Sunday, October 7, 2007

so it is exactly One Week, give a few hours, from last Sunday when I fled the United States of America in a state of panic and relief

I was in Boston, about to complete a conference in Cancer Medicine, but the triple threat of dwindling cash, rapidly filling up credit cards, a creepy chest and throat cold, and limiting knee pain, overcame my cheery resilience and quixotic notions of blogging the Presidential primaries for my unspecified Press and Media buddies, who have as yet to make real or meaningful contact with me, but with whom I share a rich if largely imaginary and projected relationship.

I was in the boston hotel room, at the Fairmont Copley, with incessant door slamming by the other guests and the mostly Haitian housestaff, one day of horrendous slamming by one of the managers there, weird sound effects by a couple of the other managers.

I had attempted to attend as many sessions of the Cancer Medicine as possible, having arrived the previous Sunday, from London.

The sharp cold and dryness of the airconditioning prolly done me in by the third night when I woke with horrendous throat pain. Lozenges were of no use, or only limited, but I remembered that I had a packet of 6 pack Azithral, zithromycin, and deployed it at 200 am.

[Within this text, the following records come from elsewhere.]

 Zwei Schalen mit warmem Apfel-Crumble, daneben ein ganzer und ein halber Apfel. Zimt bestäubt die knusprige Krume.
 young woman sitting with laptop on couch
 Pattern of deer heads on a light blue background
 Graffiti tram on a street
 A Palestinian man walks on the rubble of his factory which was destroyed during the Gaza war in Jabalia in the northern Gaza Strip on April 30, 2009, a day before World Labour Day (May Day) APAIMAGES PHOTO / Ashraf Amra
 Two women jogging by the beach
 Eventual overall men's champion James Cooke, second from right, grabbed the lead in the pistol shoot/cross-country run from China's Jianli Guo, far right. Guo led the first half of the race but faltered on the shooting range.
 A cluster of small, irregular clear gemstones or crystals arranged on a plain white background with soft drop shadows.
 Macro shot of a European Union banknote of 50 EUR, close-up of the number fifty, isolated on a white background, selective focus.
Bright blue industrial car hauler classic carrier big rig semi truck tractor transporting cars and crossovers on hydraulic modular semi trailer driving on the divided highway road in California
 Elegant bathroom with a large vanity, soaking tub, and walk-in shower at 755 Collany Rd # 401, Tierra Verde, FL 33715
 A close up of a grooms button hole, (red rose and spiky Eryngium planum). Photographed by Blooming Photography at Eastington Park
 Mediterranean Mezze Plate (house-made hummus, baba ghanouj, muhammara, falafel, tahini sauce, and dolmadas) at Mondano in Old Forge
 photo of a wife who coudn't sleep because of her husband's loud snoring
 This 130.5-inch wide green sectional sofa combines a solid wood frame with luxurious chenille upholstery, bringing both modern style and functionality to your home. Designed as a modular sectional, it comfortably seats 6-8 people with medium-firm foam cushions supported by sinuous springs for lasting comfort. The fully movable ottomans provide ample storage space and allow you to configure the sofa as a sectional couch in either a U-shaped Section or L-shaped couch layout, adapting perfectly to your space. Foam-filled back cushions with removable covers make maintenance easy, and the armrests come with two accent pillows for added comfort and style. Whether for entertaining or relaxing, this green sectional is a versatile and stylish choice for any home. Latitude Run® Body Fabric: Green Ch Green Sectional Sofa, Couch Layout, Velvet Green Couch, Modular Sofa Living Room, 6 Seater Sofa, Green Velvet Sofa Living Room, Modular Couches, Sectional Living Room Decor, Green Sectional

After that, the panic only increased.

On my first 2 days, I was actually quite happy, I moved around Boylston St, and St James St and posted my sisters and my registration renewals with return receipts and was happy with my surroundings and the new TV friends I seemed to have acquired and re acquaintance with old friends on CNN, ESPN.

There was no BBC and deutsche welle, and that may have led to my increasing feeling of being out in outer space and limbo, although the horrendous noise and the increasing intrusions of crowds when I moved outside may have been a factor.

Knees that started aching after a mere 15 minutes of fairly slow ambulation also led to my increasing panic of lack of ambulation, the dwindling cash was a huge factor and the throat pain reduced but a persistent catching pain started to develop in the bronchial retrosternal region.

So on Friday night, after my Dad had made twice or three times daily calls at my insistence and grateful request, when my Dad suggested I forget about the next phase of the trip which was supposed to be in New York, I was flooded with relief and too scared to venture out of the room to go to the computer room, since the habit of bystanders of making noisy or verbal commentary on my computer work had followed me to Boston, and waited next morning, when my first try on Northwest yielded me a potential reservation.

Gladly I fled back to my room, my Dad called and I excitedly told him the news of the potential reservation, and he said Done, do it, and I immediately called Northwest where a slightly persnickety chick nonetheless managed to make my reservation on Saturday for the following Sunday (1 week ago) to return home.

It was a tourist class ticket, I wasnt even sure I would fit in the seat, or find meals, or make it through the flight without getting a DVT or worsenening chest cold, or losing my personal belongings, but I was thrilled.

Being in the USA, even with a US passport, without a home address, with dwindling cash, with bad knees, which suddenly got bad, and a bad throat and chest cold seemed like a hazardous enterprise.

My Dad and my sister are pretty frail, but suddenly I felt the three of us together in India, even with me perched uncomfortably on one of 2 couches, and rotating between bathrooms to avoid giving trouble to others, was still a way, way hugely better situation.

I also checked a little booklet of Indian holidays and planetary alignments and this past week and a few days of the next were wall to wall sad or mournful or scary ***grihas*** alignments and I just felt way too panicked to continue to take a chance.

So here I am, back in India, a week after I fled Boston and gave up on my quixotic notions of blogging the Presidential primaries for my real and imaginary and projected friends, mostly in the international Press.